A new bill aimed at curbing the spread of disinformation in Ukraine could pose a risk to freedom of expression, the Organization for Security and Co-operation in Europe warned on Wednesday (5 February).
Unveiled by President Volodymyr Zelenskiy’s government in January, the bill criminalises “the dissemination of disinformation” amid a conflict with Russian-backed separatists in the country’s industrial east.
The legislation foresees the nomination of a state commissioner who will decide what statements are false and dispute them in court.
According to the bill, the purposeful spread of disinformation could be punished by up to seven years in prison and hefty fines.
“We fully understand the need to fight disinformation or manipulation … in the context of Ukraine, of the conflict … but we think that this approach is not a good one,” Harlem Désir, the OSCE Representative on Freedom of the Media, told AFP in an interview.
“It will not be efficient and it could put at risk” Ukraine’s commitment with regards to media freedom and freedom of expression, said Désir during a four-day visit to Ukraine.
Beginning a 4-day visit to #Ukraine today, I met with journalists & media organizations: IMI, NUJU, https://t.co/ENnSKAdujI, Comm. on Journalism ethics, Donbass News, Hromadske, Platform for HR. We discussed media freedom situation, new media draft laws & safety of journalists. pic.twitter.com/WqPj0709hC
— OSCE media freedom (@OSCE_RFoM) February 4, 2020
According to the legislation, false news concerning “national security, territorial integrity, sovereignty of Ukraine and other issues of public interest” will be treated as disinformation.
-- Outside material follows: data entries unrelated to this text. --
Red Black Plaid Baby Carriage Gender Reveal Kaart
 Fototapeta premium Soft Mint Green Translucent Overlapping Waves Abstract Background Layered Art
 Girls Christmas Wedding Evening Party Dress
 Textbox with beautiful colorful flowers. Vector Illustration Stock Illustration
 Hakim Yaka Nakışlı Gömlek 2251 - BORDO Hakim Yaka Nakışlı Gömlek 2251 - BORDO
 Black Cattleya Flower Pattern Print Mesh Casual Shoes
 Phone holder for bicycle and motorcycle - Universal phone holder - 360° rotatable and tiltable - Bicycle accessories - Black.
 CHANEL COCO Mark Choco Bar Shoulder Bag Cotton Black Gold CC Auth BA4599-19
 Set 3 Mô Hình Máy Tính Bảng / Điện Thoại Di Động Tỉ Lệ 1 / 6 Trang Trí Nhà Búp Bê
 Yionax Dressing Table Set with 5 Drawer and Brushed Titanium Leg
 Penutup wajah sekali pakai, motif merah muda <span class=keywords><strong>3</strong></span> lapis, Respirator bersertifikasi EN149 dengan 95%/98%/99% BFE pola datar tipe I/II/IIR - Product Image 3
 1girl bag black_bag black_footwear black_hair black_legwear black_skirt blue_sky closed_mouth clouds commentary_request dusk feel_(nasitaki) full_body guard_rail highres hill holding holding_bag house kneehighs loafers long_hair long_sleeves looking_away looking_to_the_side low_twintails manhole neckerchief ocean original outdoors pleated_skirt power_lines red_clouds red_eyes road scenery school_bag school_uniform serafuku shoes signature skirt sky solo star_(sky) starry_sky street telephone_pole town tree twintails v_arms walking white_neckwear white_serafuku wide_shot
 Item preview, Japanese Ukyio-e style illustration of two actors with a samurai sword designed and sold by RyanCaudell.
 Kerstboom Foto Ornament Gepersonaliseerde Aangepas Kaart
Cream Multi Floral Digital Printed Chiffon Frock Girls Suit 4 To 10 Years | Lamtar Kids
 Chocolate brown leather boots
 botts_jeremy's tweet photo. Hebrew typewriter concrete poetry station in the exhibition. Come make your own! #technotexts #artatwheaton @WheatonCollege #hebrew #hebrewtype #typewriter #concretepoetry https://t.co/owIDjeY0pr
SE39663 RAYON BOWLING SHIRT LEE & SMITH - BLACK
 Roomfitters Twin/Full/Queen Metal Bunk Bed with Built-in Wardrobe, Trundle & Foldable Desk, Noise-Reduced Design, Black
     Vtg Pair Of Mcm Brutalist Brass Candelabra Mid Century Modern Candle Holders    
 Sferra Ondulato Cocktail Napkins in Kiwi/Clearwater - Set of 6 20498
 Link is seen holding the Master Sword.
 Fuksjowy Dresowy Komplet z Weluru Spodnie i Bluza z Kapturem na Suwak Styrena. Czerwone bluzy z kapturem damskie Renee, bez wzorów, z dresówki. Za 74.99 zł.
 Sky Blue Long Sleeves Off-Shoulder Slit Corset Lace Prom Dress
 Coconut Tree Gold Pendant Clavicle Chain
Desir said that the bill “gives a lot of power to the new special commissioner.”
“It means a lot of state interference in the media activities, journalism,” he added.
Proposed by comedian-turned-president Zelenskiy and drafted by the culture ministry, the bill is yet to be submitted to parliament.
But the proposed legislation sparked criticism from domestic NGOs, international watchdogs and even several lawmakers from Zelenskiy’s own party.
After a bloody 2014 uprising in Kyiv ousted a Kremlin-backed regime, Moscow annexed Crimea and supported insurgents in eastern Ukraine who launched a bid for independence.
Since then more than 13,000 people have been killed in the conflict.
Kremlin critics have accused Russian officials of spreading propaganda and disinformation in attempt to meddle in Ukraine’s affairs.